矿石表面原本不起眼的纹路,此刻像被点燃的脉络,蜿蜒着爬上坑壁,与温知语实验室里蓝纹矿石的隐痕分毫不差。
更诡异的是,那些纹路正以肉眼可见的速度蠕动,像活物在皮肤下穿行。
它。。。像是活的。温知语的声音在抖,指尖按在矿石上,温度在上升。
夏启蹲下身,伸手覆上她的手背。
矿石的温度透过掌心传来,不是冷硬的石温,倒像刚从活物体内掏出来的脏器,带着某种蓬勃的热。

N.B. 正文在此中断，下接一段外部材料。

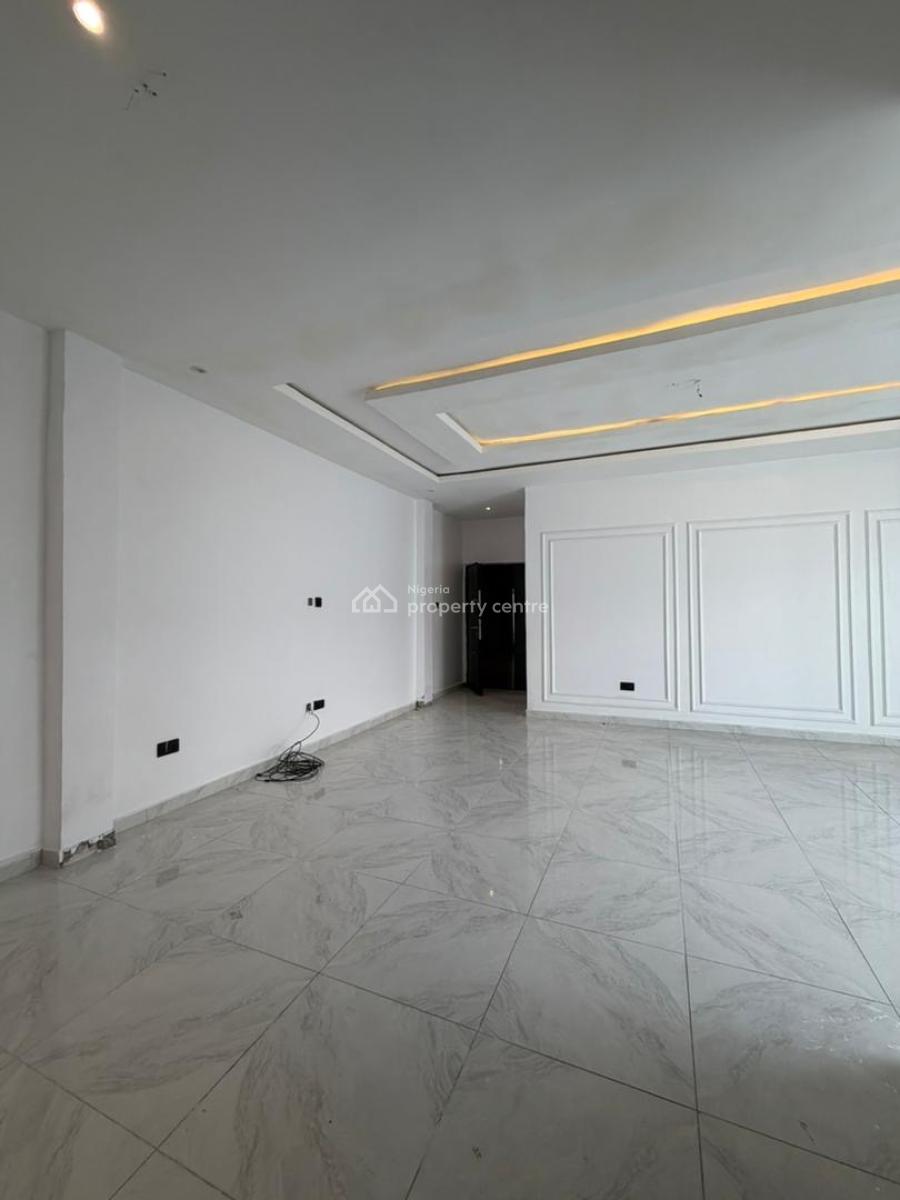 Brand New 2bedroom Apartment, Lekki Phase 1, Lekki, Lagos, Flat / Apartment for Rent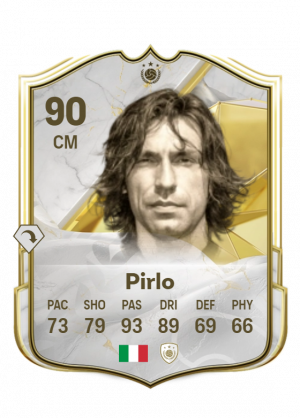 Zzzzz 1727469222pirlo 3 — FC 25 Base Icon Tier List option 68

他想起系统地图里那两个亮如星子的标记,想起极北冻土那道震颤的青铜巨门,喉结动了动。
霍岩的佩刀突然地轻鸣。
他低头看向刀身,瞳孔骤缩——刀面上映出的矿石纹路,正与刀鞘上二十年前蛮族留下的战痕重叠。
殿下。牛大力挠了挠头,这玩意儿。。。还能算死矿吗?
夏启没说话。
他望着坑底泛光的矿石,望着温知语发亮的眼睛,望着霍岩握紧刀柄的手,突然笑了。
这笑从眼底漫出来,带着点破局的痛快:明日辰时,召所有矿监、乡老来观矿。他指腹摩挲着残页上的焦痕,声音轻得像雪落,有些事,该说清楚了。
帐外的黑炭突然仰头长嚎。
那声音穿透雪幕,惊起一群寒鸦,扑棱棱掠过天堑山脉的山尖——山底的沉响仍在继续,只是这一回,多了几分蓄势待发的震颤,像某种沉睡的力量,正顺着矿脉
;,往人间探出头来。
天堑山脉的雪粒子还未落尽,矿场空地上已挤得水泄不通。
夏启站在新搭的木台上,裹着的黑氅被山风掀起一角,露出内里绣着云雷纹的暗纹锦。
他望着台下攒动的人头——矿监们攥着算盘的手在抖,乡老们捻着胡须交头接耳,连平日只认刀枪的边军士兵都挤到前排,甲叶碰得叮当响。
霍岩立在左侧,佩刀斜挎在腰间,目光像把淬了冰的刀,正一寸寸刮过夏启手中泛黄的《地脉疏解方案》。
“此矿脉受地气激荡,已由死转活。”夏启开口时,声音压得很低,却像块烧红的铁锭砸进冰湖,炸开一片抽气声。
他屈指叩了叩案上的蓝纹矿石,“若再封禁,地脉压力无处宣泄,恐积压成爆——届时山崩城毁,你们守了半辈子的矿,要变吞人的恶渊。”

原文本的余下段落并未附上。